米In-Stat/MDRは,米国におけるケーブル・テレビ(CATV)事業者に関する調査結果を発表した。米国のCATV事業者は,新しい双方向型デジタル・ケーブル・サービス提供に向けてインフラのアップグレードを行ってきたが,その長期的なプロジェクトがついに終盤に近づいてきたことが明らかになった。回答者は,ほとんどの帯域幅のアップグレードが完了しており,アップグレードしたシステムを通じて提供する新しいサービスに注力していると答えている。

 回答者のほぼ90%が既にデジタル・ビデオのプログラミング・サービスを提供しており,ほぼ同じ割合の事業者がケーブル・モデムによる高速データ・サービスを提供している。事業者は,地域の加入者から特に要望が高いビデオ・オン・デマンド(VOD)とHDTVサービスの配備を予定している。テレフォニ・サービス,インタラクティブなデジタル・ビデオ製品,高速データ通信をバンドルしたCATVの「トリプル・プレイ」も業績をあげ始めている。

 その他の主な結果は次の通り。

・VODは価値が高い新サービスの1つ。回答者の28%がVODサービスを配備しており,20%が2003年末までにサービス提供を計画している。

・回答者の58%のCATVシステムが750MHz以上の帯域幅を持つ。

・もっとも人気があるデジタル・サービスは,デジタル・ビデオと高速データ。

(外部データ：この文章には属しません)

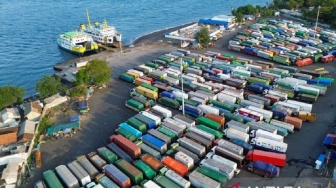 Macet 12 Km di Ketapang Berlarut-larut! Pemerintah Diminta Rombak Total Sistem Penyeberangan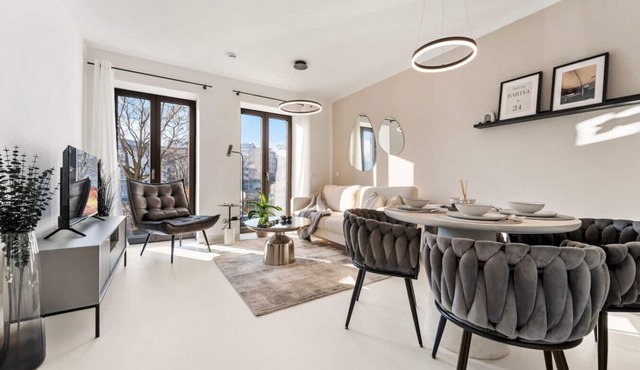 Stuttgart Lux Living| Stylish Living in the Center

調査対象となったケーブル・システムの86%は,現在デジタル・ビデオ・サービスを提供しており,78%がケーブル・モデム・サービスを提供している。

・投資家からの負債レベルの低下とインフラ・アップグレードの進展に対する圧力により,2003年における米国のCATV業界の資本的経費は,前年の133億ドルから117億ドルに低下すると予測される。